There is material below. Print exactly the lines starting at the line with "RAY_0582 - Class 5: 90cm Double of Brushes" and ending at the line with "Steam Trap Selection", ends included, and no others.
------ DATA SUPPLIED
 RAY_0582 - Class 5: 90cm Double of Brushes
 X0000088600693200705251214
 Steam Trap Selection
------------
------ DATA SUPPLIED
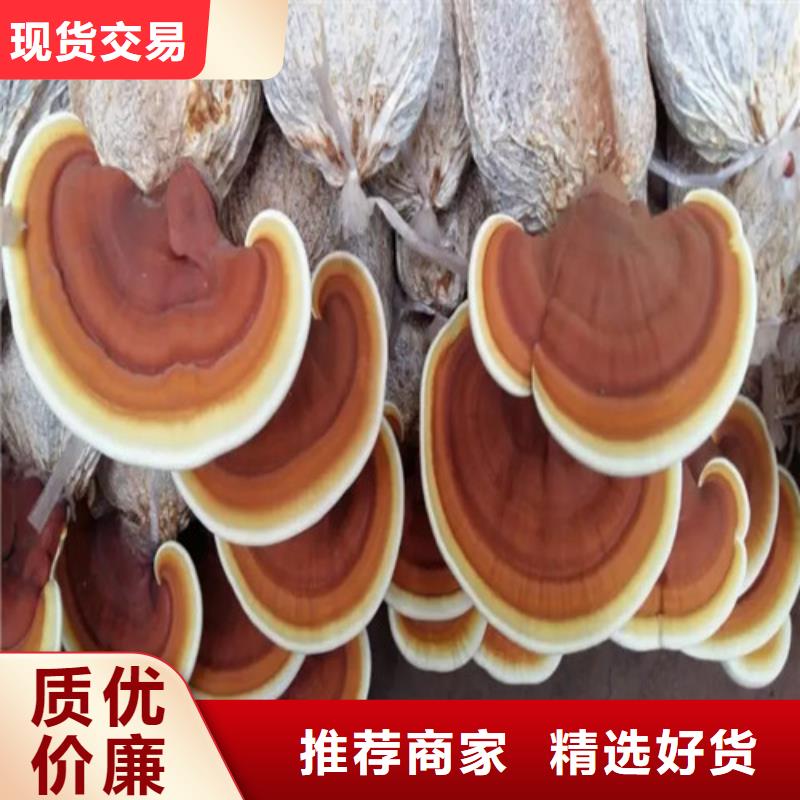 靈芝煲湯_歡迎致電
------------
• **RESULT FOR THIS EXERCISE**:
 RAY_0582 - Class 5: 90cm Double of Brushes
 X0000088600693200705251214
 Steam Trap Selection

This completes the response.